Q. What do you mean by that?

A. The body develops antibodies and T-lymphocytes against the form of the virus that infects it or the vaccine it receives. These defenses are tremendously effective in the beginning, but over time and as new variants appear, they lose that efficacy. And then the time comes when the virus infects you again. And then you develop new antibodies... And so on and so forth.

Q. The virus is supposed to become milder, and it will end up being like a cold.

A. Not necessarily. It could be like the flu, which for many people is not mild, and every year they have to get vaccinated again. There are things we don’t know yet.
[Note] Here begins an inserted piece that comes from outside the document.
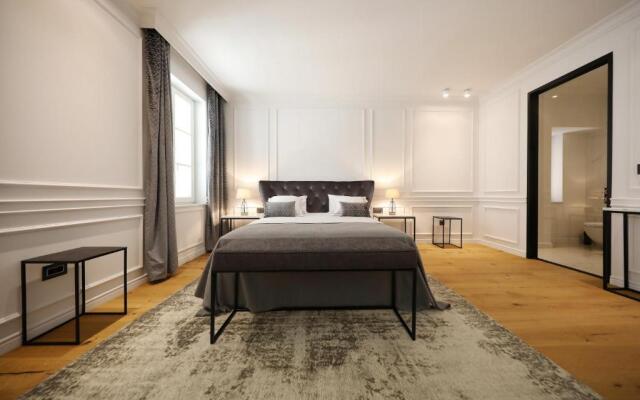 Greta Residence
Q. Does it make sense to require negative Covid-19 (PCR) test results from travelers who come from China, as some countries are doing, even when the virus is still spreading around the world?

A. Yes, that’s a standard public health measure that’s done in uncertain situations. You don’t mandate a quarantine or prohibit people from crossing the border, but you do exert some control in a situation where you don’t know very much about what is happening in China or you are not sure that you’re being told everything.

Q. Beyond China, what is the biggest challenge that the virus currently poses?

A. Long Covid. Studies in the US say up to 20% of people suffer some kind of ailment that doesn’t go away after their infection. According to studies in other countries, the percentages are lower but still significant. That’s a huge challenge that countries will have to confront.